For someone who considers Felix Hernandez his favorite all-time Mariner, I’ve been pretty hard on him this year. I was cautiously optimistic, but not sold by his very good Cleveland start. San Francisco was a disaster. His outing against Kansas City was fairly poor when considering the quality of competition and the environment. But today, in a 2-1 loss against a fairly good hitting Oakland Athletics team, Felix gave me reasons to be optimistic that he might be able to be something more than a back of the rotation pitcher.
Obviously, it’s a small sample size. I’m not willing to say he’s fixed. We have over two years of data now that suggest that Felix just isn’t very good anymore. This start could be the aberration, and he could go back to being well below average like he has been for a long time. Or, it could be the start of a new approach to pitching that lends itself to a strong second act in a Hall of Fame career.
Using data from Brooks Baseball, I took a look at the King’s pitch selection in 2018. I grouped four seam, sinkers, and cutters together—all variations of fastballs—because Felix generally tries to throw those to get ahead in counts early, or induce contact. Entering today’s game, Felix had thrown some variation of a fastball roughly 51% of the time, compared to 20% for his changeup 20%, 22% curves, and 6% sliders. This pattern is somewhat more fastball-heavy than Felix’s usage patterns from 2015-2017, when he threw a fastball around 45% of the time. It seems clear that Felix entered 2018 believing that establishing the fastball was a key to success.

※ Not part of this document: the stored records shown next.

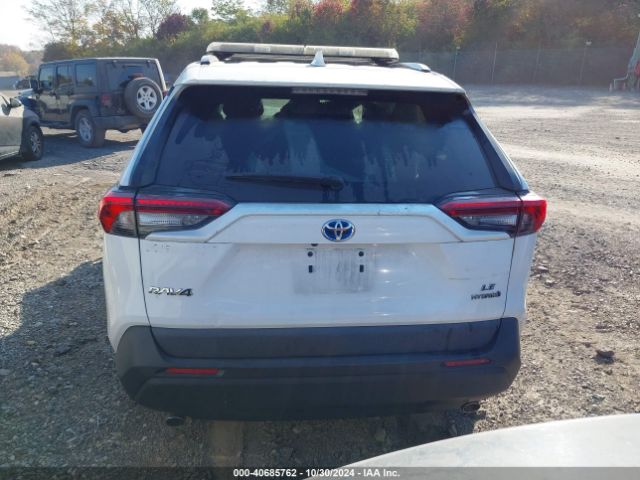 2T3MWRFV1KW025477 Toyota Rav4 Hybrid Le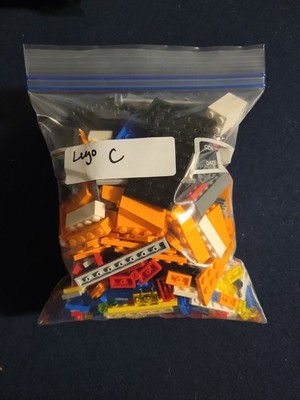Lego Pieces Lot 1 Lb Bag Mixed Bricks Building Blocks 1 Pound Random Mix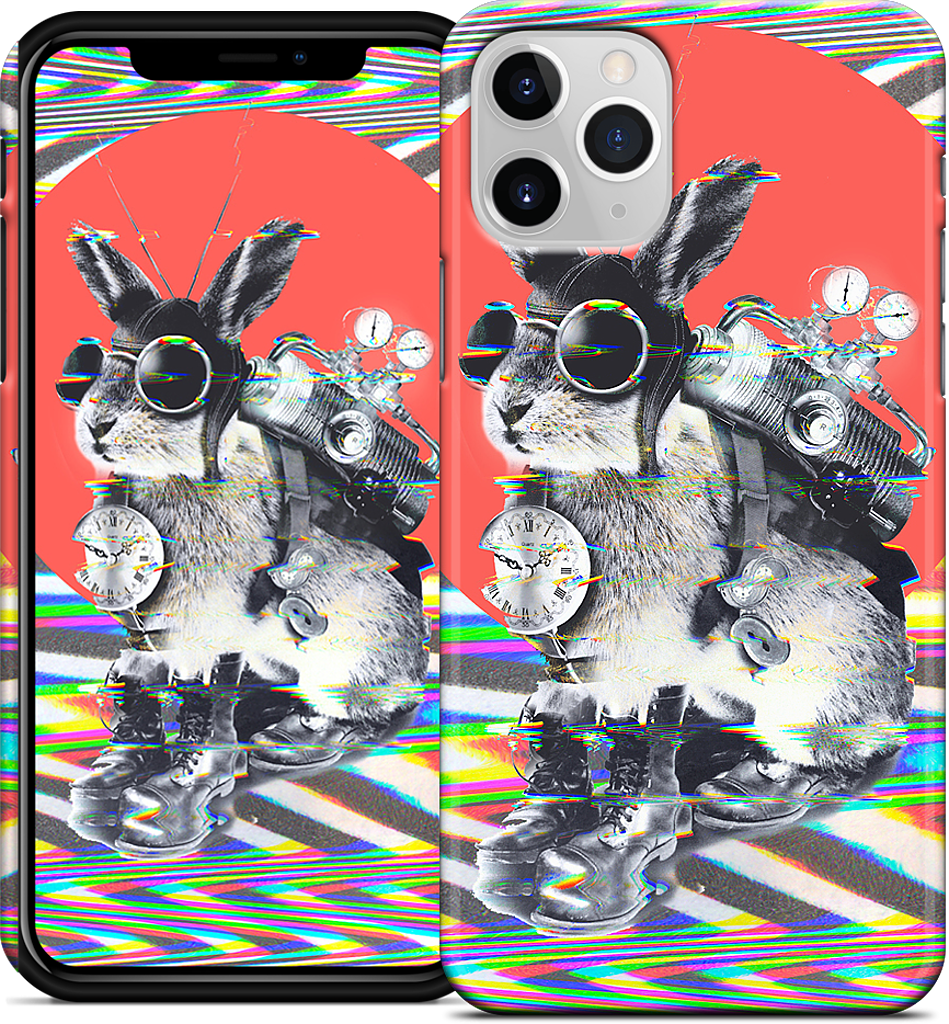 Time Traveler iPhone Case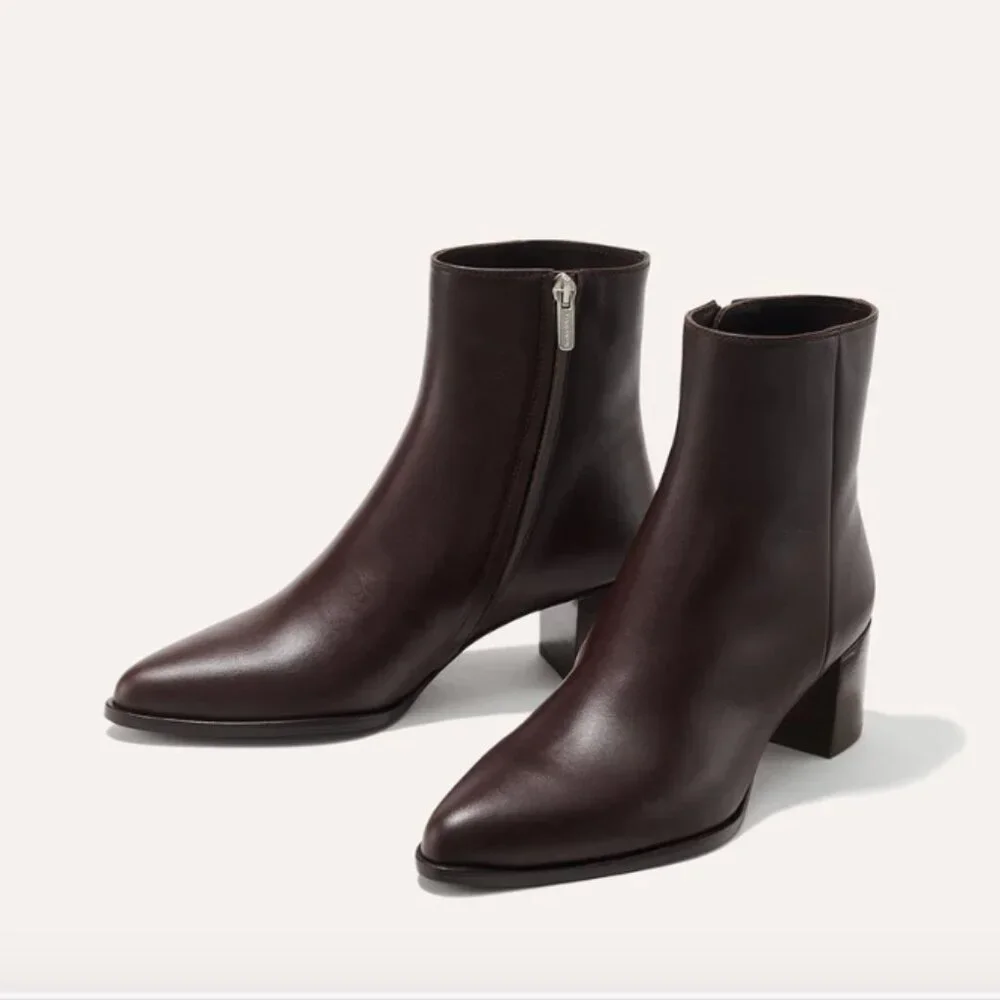 Margaux The Downtown Boot - Espresso Calf - 41 / 10 - Brand new NIB NWT - Picture 5 of 5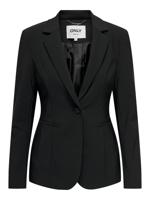 Only Onltravel L/s Fit Blazer Tlr Noos 15324877 Blazers Black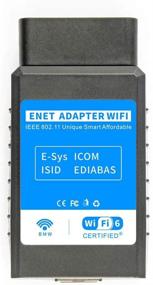 img 3 attached to 🔌 Беспроводной адаптер диагностики и кодирования OBD2 WiFi: BMW F/G/I-серии, BimmerCode, E-SYS, Bootmod3, ISTA D, MHD - iOS, Android и Windows.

Today, Felix threw that playbook out the window—a very high window, so hopefully it didn’t hit an unsuspecting pedestrian underneath the window. The King threw 41 fastballs out of 101 pitches (40.5%) while throwing his changeup 22.7% of the time, his slider 15.8% of the time, and his curve 20.7% of the time. He recorded five swinging strikes on the changeup, two on the curve, one on the slider, one on the sinker, and none on the standard four-seam fastball. He didn’t throw any cutters today (and honestly, it’s debatable if he does at all—it’s more likely that Brooks just misidentified a few four seamers).
This new pitch mixing added up to 6.1 innings of five-hit, two-run ball with seven strikeouts and no walks. And against a pretty good offense, too! Small sample size applies this early in the season, but Oakland’s 116 wRC+ as a team is tied with the Mariners for fifth best in baseball. This isn’t like giving up three runs to the hopeless Royals. This is getting burned by one mistake—a two-run homer to Jed Lowrie in the first inning—and pretty much dominating the rest of the way.
Staying away from the fastball is probably a good decision. Felix had thrown 134 fastball-type pitches in 2018 going into the game, and batters had feasted on them. In plate appearances ending in a fastball, Felix’s opponents were 9-for-27 with a double, two homers, and six walks against just four strikeouts. That’s a .333/.455/.593 slash line. Not exactly the type of pitch you want to try to establish. On the other hand, all of his softer stuff—the change, curve, and slider—have been far more effective, holding opposing batters to just 5-for-28 with a double, two homers, and four strikeouts against two walks, or a .179/.233/.429 slash line. So the softer stuff can still be punished when a hitter squares it up as evidenced by the .250 ISO against, but it’s clearly much rarer for batters to square up said soft stuff.
Felix just needs to accept that he’s a junkballer now. And that’s fine! Batters are probably still going to hit his fastball hard, but when they’re less certain it’s coming, he should be able to sneak one by from time-to-time…something he can’t do when he’s throwing around, or more than 50% fastballs. By pitching backwards today, he was able to keep Oakland hitters off balance, and post a vintage Felix type of box score while utilizing his repertoire in a completely different way. Time will tell if this is a new strategy for Felix, or if it was just a one-day gameplan against Oakland. I believe if he’s going to have any chance of being an above-average pitcher again, he’s going to have to pitch more like he did today than he has in his other starts this season. Let’s hope this is the start of a trend rather than a one-outing outlier.
Unfortunately for the Mariners, it was a vintage Felix outing in another way as well—the offense couldn’t get a damn thing going against pretty-good-but-not-great lefty Sean Manaea, who looked very much great today! As much as I’ve given Ryon Healy a hard time, it would be nice to have him—and a fully healthy Mike Zunino—in the lineup against tough lefties. Sure, Taylor Motter went deep for the Mariners’ only run today as their first baseman, but in general, you’re going to get better results from Healy. Nelson Cruz also doesn’t quite look like himself right now, so games against lefties may be a bit of a struggle until the roster is back at full strength.
Unfortunately for the M’s, they face another tough lefty tomorrow night when the Houston Astros come to town and throw Dallas Keuchel against James Paxton tomorrow night at 7:10. While Keuchel hasn’t been outstanding this year, he’s always given the Mariners fits, and they’ll hope to reverse their fortune tomorrow night to open the four-game series.